When you copy the entries, omit the images and keep every word as it is.

Image-text web data:
::::

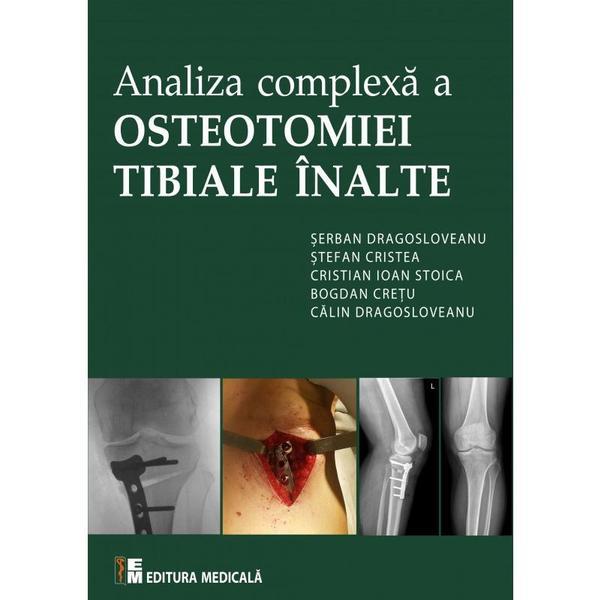 Analiza complexa a Osteotomiei Tibiale Inalte | Serban Dragosloveanu carturesti.ro imagine 2022 cartile.ro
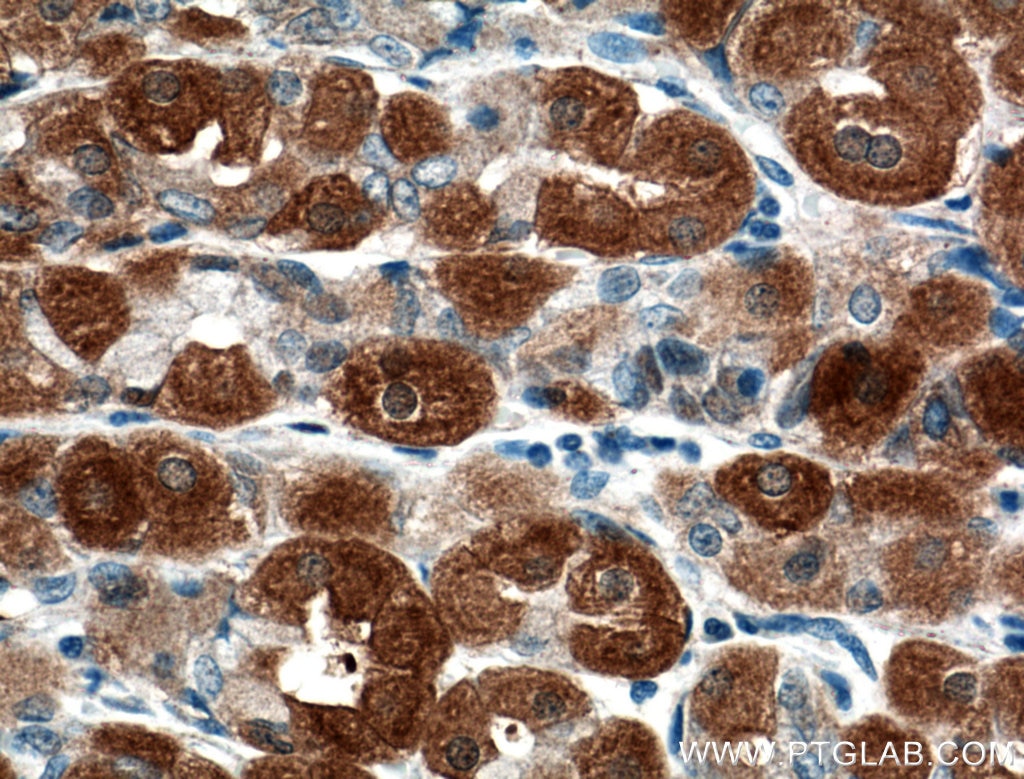 Immunohistochemistry (IHC) staining of human stomach tissue using ATG2B Polyclonal antibody (25155-1-AP)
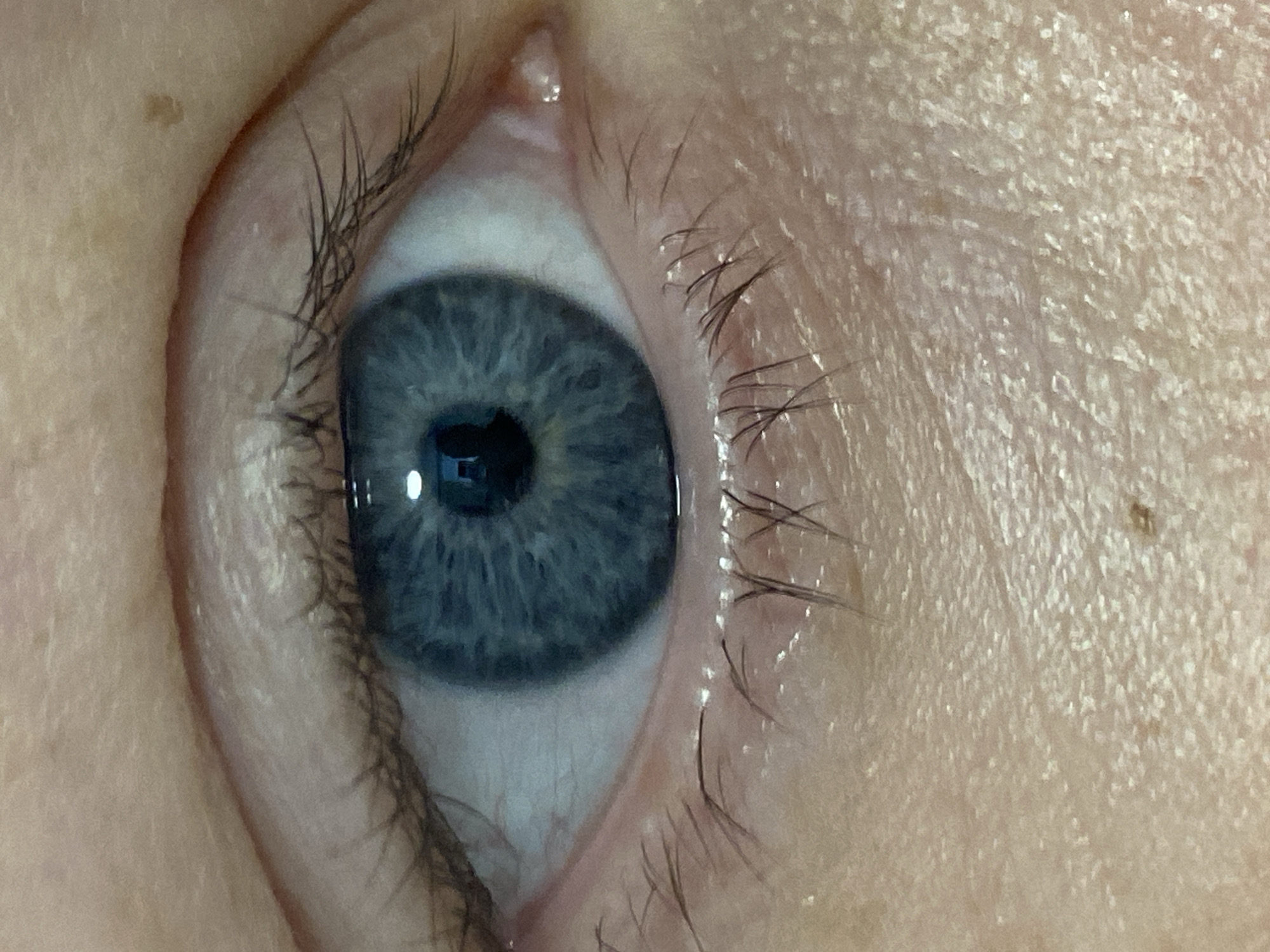 A close-up image showcases a human eye, featuring a blue iris with intricate patterns and a dark pupil reflecting light. Eyelashes frame the eye, and the surrounding skin exhibits fine textures and a small mole. The image lacks contextual information to determine a location or specify any actions or interactions. The setting appears to be a studio or controlled environment, considering the high level of detail captured. There is no information to confirm that it is located in Sochi, Russia.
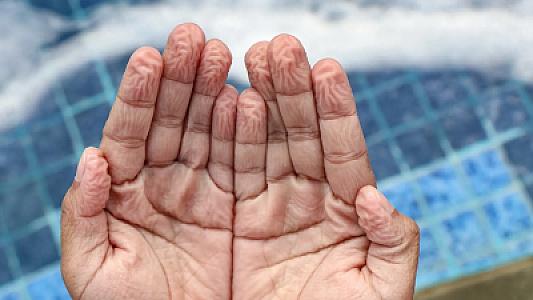 Barmaqlar suda niyə qırışır? -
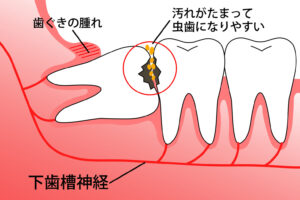 江戸川区•船堀の歯医者、中山歯科医院で、親知らずは抜くべき？抜歯の判断基準とリスクを解説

::::

**Task result:**
 Analiza complexa a Osteotomiei Tibiale Inalte | Serban Dragosloveanu carturesti.ro imagine 2022 cartile.ro
 Immunohistochemistry (IHC) staining of human stomach tissue using ATG2B Polyclonal antibody (25155-1-AP)
 A close-up image showcases a human eye, featuring a blue iris with intricate patterns and a dark pupil reflecting light. Eyelashes frame the eye, and the surrounding skin exhibits fine textures and a small mole. The image lacks contextual information to determine a location or specify any actions or interactions. The setting appears to be a studio or controlled environment, considering the high level of detail captured. There is no information to confirm that it is located in Sochi, Russia.
 Barmaqlar suda niyə qırışır? -
 江戸川区•船堀の歯医者、中山歯科医院で、親知らずは抜くべき？抜歯の判断基準とリスクを解説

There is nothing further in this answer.